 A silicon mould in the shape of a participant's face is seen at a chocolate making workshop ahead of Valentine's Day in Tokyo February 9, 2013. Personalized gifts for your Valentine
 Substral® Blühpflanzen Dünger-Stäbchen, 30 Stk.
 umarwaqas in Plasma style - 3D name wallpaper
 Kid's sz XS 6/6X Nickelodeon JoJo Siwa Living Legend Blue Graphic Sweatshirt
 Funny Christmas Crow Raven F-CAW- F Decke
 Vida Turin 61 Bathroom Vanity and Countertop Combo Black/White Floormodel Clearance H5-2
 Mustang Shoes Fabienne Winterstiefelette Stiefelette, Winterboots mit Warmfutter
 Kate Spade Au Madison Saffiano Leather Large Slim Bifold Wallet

#### Action item
Transcribe the full listing. Change nothing.

#### Reply to the task
 A silicon mould in the shape of a participant's face is seen at a chocolate making workshop ahead of Valentine's Day in Tokyo February 9, 2013. Personalized gifts for your Valentine
 Substral® Blühpflanzen Dünger-Stäbchen, 30 Stk.
 umarwaqas in Plasma style - 3D name wallpaper
 Kid's sz XS 6/6X Nickelodeon JoJo Siwa Living Legend Blue Graphic Sweatshirt
 Funny Christmas Crow Raven F-CAW- F Decke
 Vida Turin 61 Bathroom Vanity and Countertop Combo Black/White Floormodel Clearance H5-2
 Mustang Shoes Fabienne Winterstiefelette Stiefelette, Winterboots mit Warmfutter
 Kate Spade Au Madison Saffiano Leather Large Slim Bifold Wallet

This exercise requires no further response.